So how do we analyze such large amounts of data? Most of the big data analysis techniques apply the methods used in the fields of statistics and computing, but as the number of unstructured data has increased due to the recent activation of SNS, techniques such as text mining, opinion mining, and social network analysis are mainly used.
Text mining is a technique that extracts desired information by processing unstructured written data and is based on natural language processing technology. The general process of text mining involves the following steps: text preprocessing, semantic information conversion, semantic information extraction, pattern and trend analysis, and information representation and evaluation. In the text preprocessing stage, the text is divided into words or sentences and processed for further processing. The semantic information conversion stage separates meaningful data from the preprocessed data. The complex semantic information is simplified in the semantic information extraction stage. Once analyzed in the pattern and trend analysis stage, the analysis results are drawn and evaluated using visualization tools in the information representation and evaluation stage. This information is used to classify or summarize documents.
Opinion mining is a type of text mining that is used to analyze recent posts on social media to determine if there is a positive or negative preference for a particular topic. For example, “I really like the design of the MacBook” is written on SNS. In this case, the object of evaluation is “MacBook” and the target is “I really like the design”, so it is analyzed as a positive evaluation. In this case, a numerical rating is given to each word that expresses emotion, and then the rating is categorized according to the score.
Social network analysis is a technique that analyzes the connections between individuals or groups on social networks and the strength of those connections. If you think of individuals or groups as nodes and the connections between them as links, the connections between individuals or groups on SNS are represented as a graph.
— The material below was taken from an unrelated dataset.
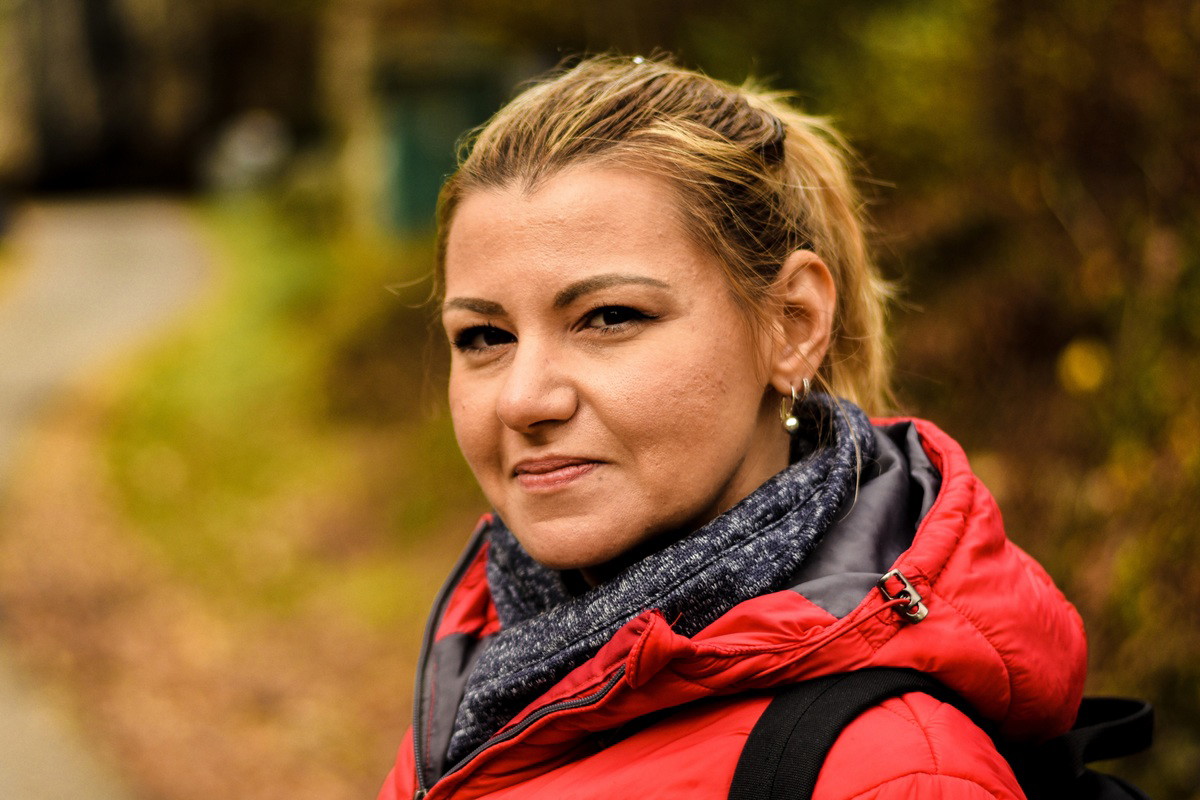 kobieta w wieku 35 plus w czerwonej kurtce blondynka stoi na zewnątrz i delikatnie się uśmiecha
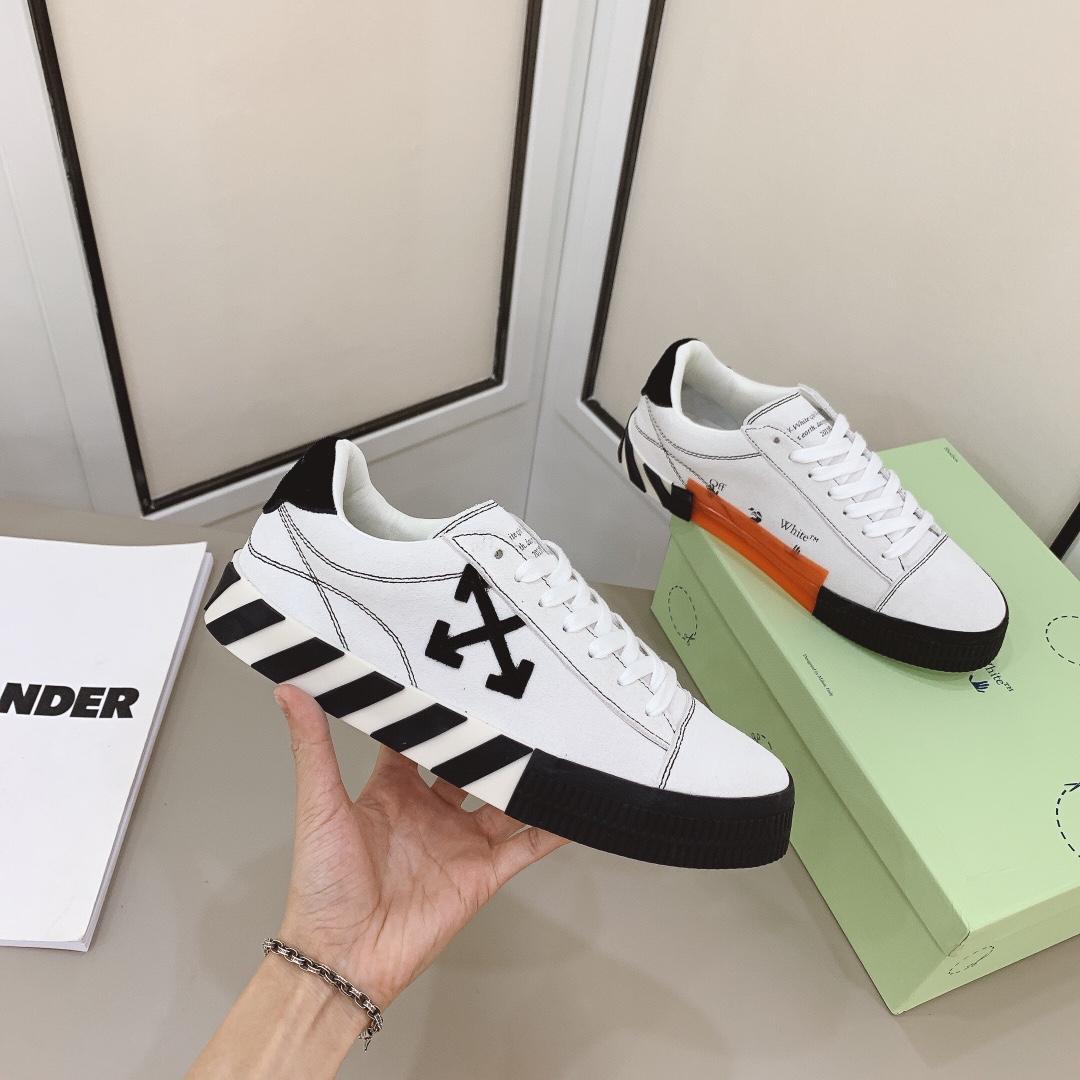 Off-White-Sneakers aus vulkanisiertem Canvas in Weiß und Schwarz - EUR FASHION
In this graph, the importance of a node is determined by looking at how many other nodes it is directly connected to.
In 2020, Facebook revealed that it processes more than 4 petabytes of data per day, and YouTube uploads 50 years of video in a single day. And IBM estimated the amount of data the world produces every day at 2.3 trillion gigabytes. It’s like a big bang of data, with an overwhelming amount of data being created every day. Big data analytics techniques are useful tools to help us find the hidden gems in between.